Non ci sono didascalie né descrizioni accanto alle opere esposte al Mast. «Girare tra le sale di una esposizione è come dialogare direttamente con le opere, come seguire un flusso che ci porta verso le cose che ci interessano di più», spiega l’autore, «inserire quei cartellini accanto ad ogni foto sarebbe come parlare con una persona e guardare da un’altra parte».

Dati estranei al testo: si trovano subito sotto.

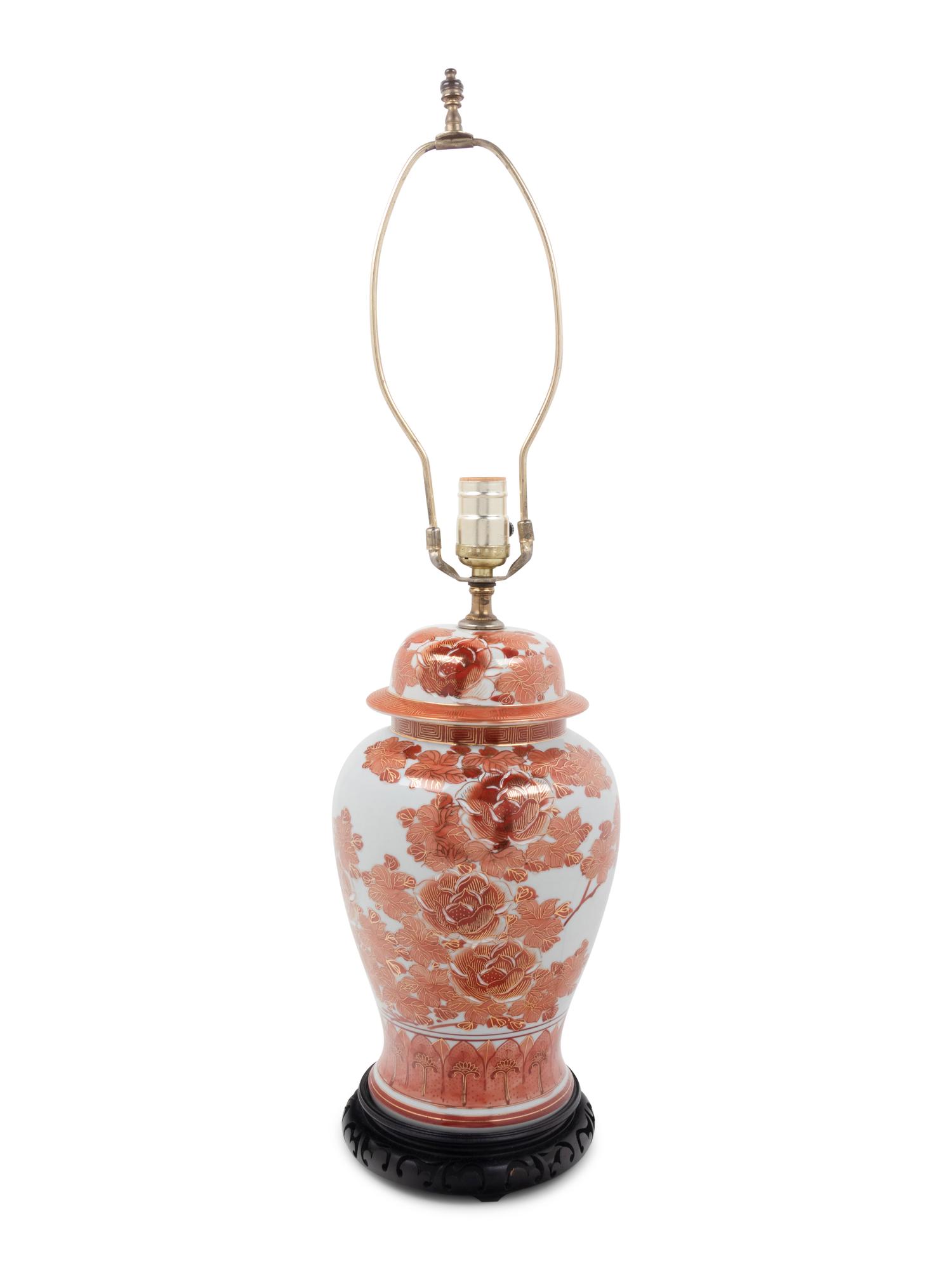 A Chinese Export Iron Red Decorated Porcelain Jar Mounted as a Lamp and a Similar Bowl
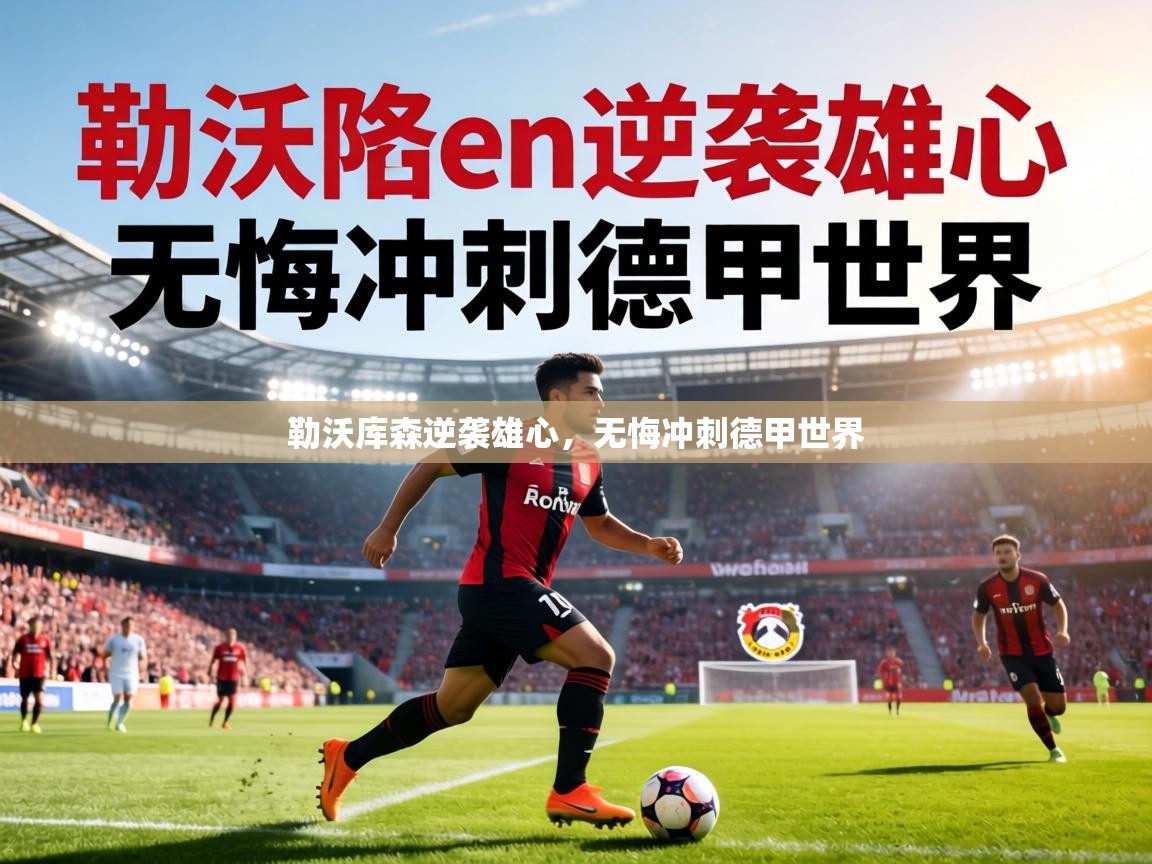 勒沃库森逆袭雄心，无悔冲刺德甲世界  第2张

Thomas Struth fotografa una mappa della realtà, così come ha fatto nei suoi lavori precedenti sugli ambienti urbani, sulle famiglie, sui musei. Una mappa in continuo movimento, destinata ad arricchirsi di dettagli e a prendere strade non immaginate all’inizio del lavoro. «I miei progetti sono materiale vivente», dice lui. Da una parte cambia la Storia, dall’altra il fotografo fa una continua autocritica sulla sua produzione e, quando un progetto dura dieci, venti o trent’anni, c’è un costante ritornare su ciò che è stato scattato, stampato, esposto. «È un privilegio dell’artista poter riprendere in mano ciò che si è fatto», spiega Thomas Struth, «per un certo periodo, sono stato allievo di Christo, e lui mi ha insegnato molto sull’autocritica. L’ho visto distruggere opere affinché non venissero inserite nel suo catalogo”.
Se dovessimo individuare le regole del mestiere del fotografo tedesco, potremmo elencarne tre, e tutte sono coerenti con la sua formazione nel clima artistico di Düsseldorf: essere organizzati, lavorare molto, avere dubbi su ciò che si è fatto. Insomma, essere consapevoli della responsabilità che ha l’artista nei confronti dello spettatore. «Penso sempre che chiunque osservi una mia opera possa esserne influenzato. Per questo, le immagini che creo sono ricche di dettagli ragionati, mai casuali. Posso tagliare un’immagine in un certo punto perché qualcosa deve stare dentro, mentre qualcos’altro deve stare fuori, non può entrare in quel discorso che sto portando avanti. Il mio è un discorso politico, non c’è dubbio».